Polish egyptologist (born 1943)

Karol Myśliwiec (born 3 November 1943) is a Polish egyptologist, known for his ongoing efforts at Saqqara to discover the tomb of Imhotep.

==Career==
Karol Myśliwiec studied Mediterranean archeology at Warsaw University under Kazimierz Michałowski, graduating in 1967. From 1969, under Michałowski's direction, he worked at excavations in Egypt (Alexandria, Deir el-Bahri) and Syria (Palmyra). He also participated in German excavations at the Temple of Pharaoh Seti I (western Thebes) and at Minshat Abu Omar (the Nile Delta).

From 1985 to 1995 Myśliwiec directed Polish-Egyptian excavations at Tell Atrib (the Nile Delta), and since 1987 he has been directing a Polish-Egyptian archeological mission at Saqqara, at the west side of Pharaoh Djoser's Step Pyramid. At Saqqara he has been seeking the tomb of Imhotep, legendary Egyptian physician and architect of the Step Pyramid.

Since 1982 Myśliwiec has been director of the Institute of Mediterranean Archeology at the Polish Academy of Sciences, and since 1992 — director of Warsaw University's Institute of Ancient Egyptian Archeology.

In 2005, he became the recipient of the Prize of the Foundation for Polish Science for the discovery of the tomb of Vizier Merefnebef in the necropolis of Saqqara (Egypt), documented in the monograph The Tomb of Merefnebef. In 2012, he was awarded the Commander's Cross of the Order of Polonia Restituta.

Professor Myśliwiec has published twelve books, including three that have been translated into languages other than Polish, as well as some 300 articles, chiefly on the archeology, history, art and religion of pharaonic Egypt.

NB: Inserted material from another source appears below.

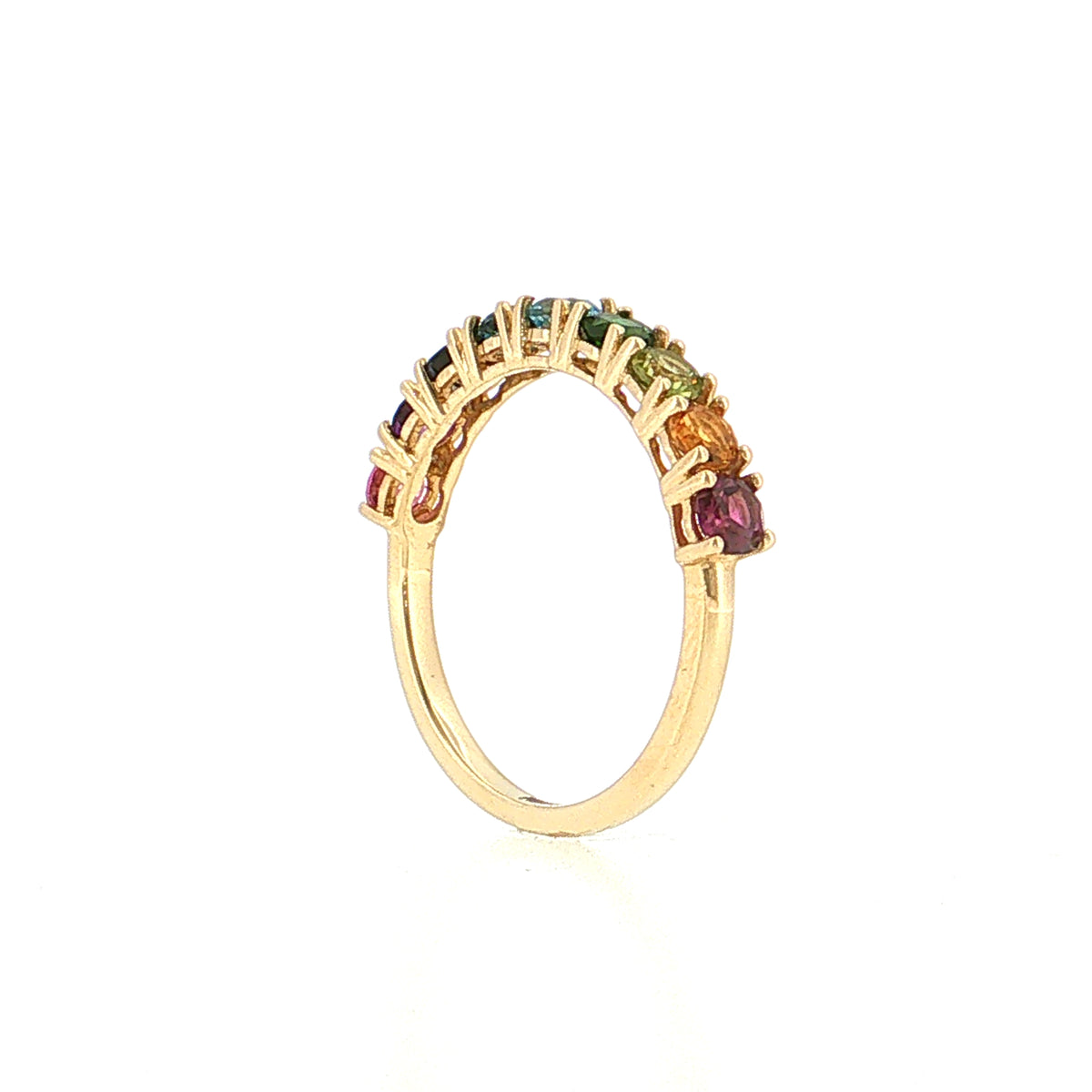 1.15 Rainbow Gemstone Stacking Ring 14k Yellow Gold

He has lectured in several dozen countries, from Japan to Chile, the U.S. and Canada, and is a member of the German Archeological Institute (Berlin), the International Association of Egyptologists, and the Explorers Club (New York City).

==Publications==
- The Twilight of Ancient Egypt: First Millennium B.C.E., translated by David Lorton, Cornell University Press, 2000.
- Eros on the Nile, translated by Geoffrey L. Packer, Cornell University Press, 2004.